The big advantage of FMEs is that they are very simple. The FME is
defined observation-wise, i.e., it is computed separately for each
observation in the data. Often, we are more interested in estimating a
global effect, so we do the following:

**1. Compute the FME for each observation in the
data**

**2. Compute the Average Marginal Effect (AME)**

For a given observation \(i\) and
step size \(h_{j}\), the FME of a
single numerical feature \(x_{j}\) is
computed as:

\(\textrm{FME}_{\mathbf{x}^{(i)}, \, h_{j}} =
\widehat{f}(x_{1}^{(i)},\, \ldots, \, x_{j}^{(i)}+h_{j},\, \ldots, \,
x_{p}^{(i)})-\widehat{f}(\mathbf{x}^{(i)})\)

As can be seen from the formula, the FME is simply the difference in
predictions between the original observation \(x^{(i)}\) and the changed observation \((x_{1}^{(i)},\, \ldots, \, x_{j}^{(i)}+h_{j},\,
\ldots, \, x_{p}^{(i)})\), where \(h_{j}\) is added to the feature \(x_{j}\).

This is just the extension of the univariate FME to two features
\(x_{j}, x_{k}\) that are affected
simultaneously by a step.

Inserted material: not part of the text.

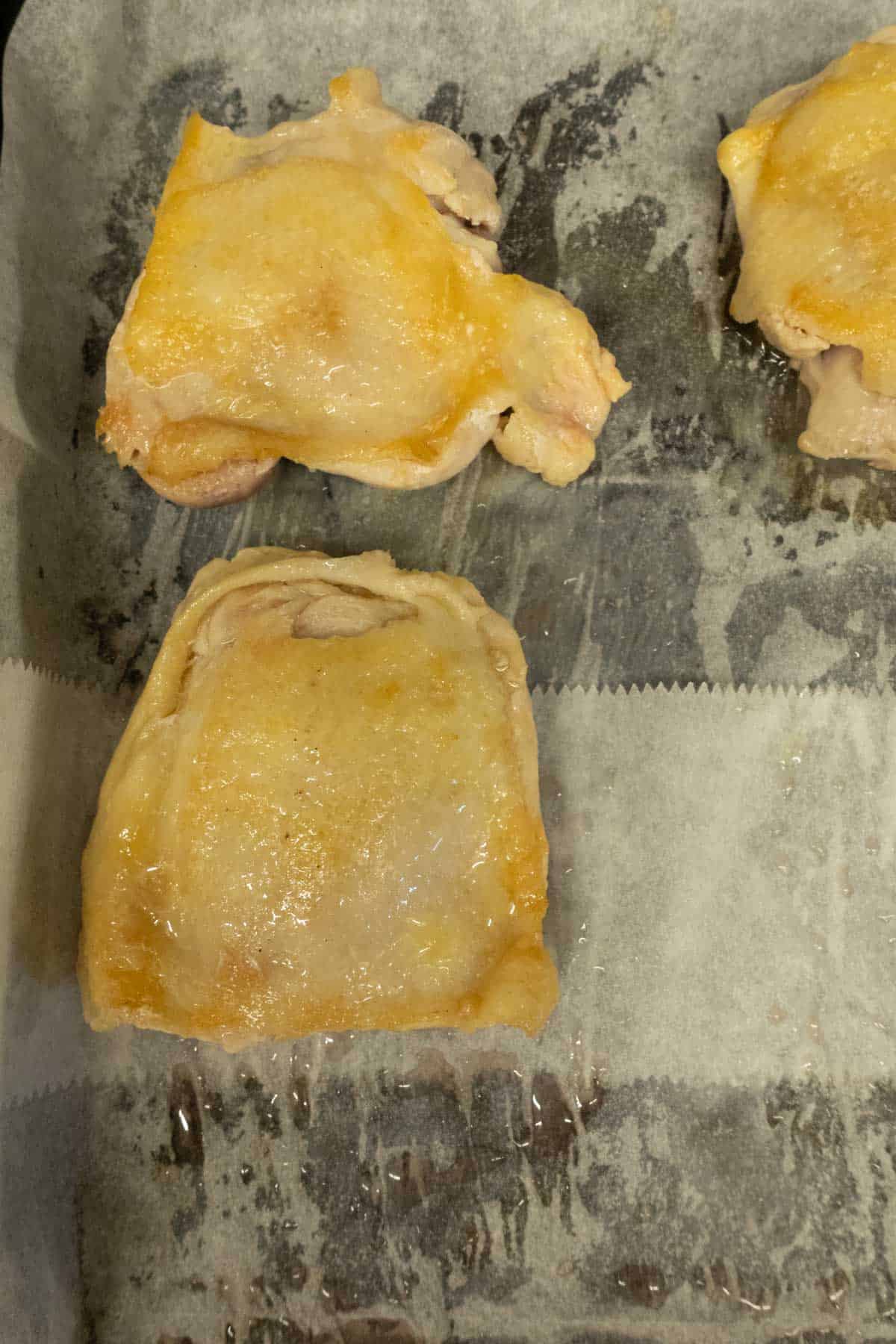 Chicken thighs after the skin is browned.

Therefore, the step size becomes a vector
\(\mathbf{h} = (h_{j}, h_{k})\), where
\(h_{j}\) denotes the change in \(x_{j}\) and \(h_{k}\) the change in \(x_{k}\):

\(\textrm{FME}_{\mathbf{x}^{(i)}, \,
\mathbf{h}} = \widehat{f}(x_{1}^{(i)},\, \ldots, \, x_{j}^{(i)}+h_{j},\,
\ldots, \, x_{k}^{(i)}+h_{k}, \, \ldots,
x_{p}^{(i)})-\widehat{f}(\mathbf{x}^{(i)})\)

Equivalent to the step size \(h_{j}\) of a numerical feature, we select
the category of interest \(c_{h}\) for
a categorical feature \(x_{j}\). For a
given observation \(i\) and category
\(c_{h}\), the FME is:

\(\textrm{FME}_{\mathbf{x}^{(i)}, \, c_{h}} =
\widehat{f}(c_{h},\,
\mathbf{x}_{-j}^{(i)})-\widehat{f}(\mathbf{x}^{(i)}), \, \, \, \, \, \,
\, \,x_{j} \neq c_{h}\)

where we simply change the categorical feature to \(c_{h}\), leave all other features \(\mathbf{x}_{-j}^{(i)}\) unchanged, and compare the predicted value of this changed observation to the predicted value of the unchanged observation. Obviously, we can only compute this for observations where the original category is not the category of interest \(x_{j} \neq c_{h}\). See here for an example.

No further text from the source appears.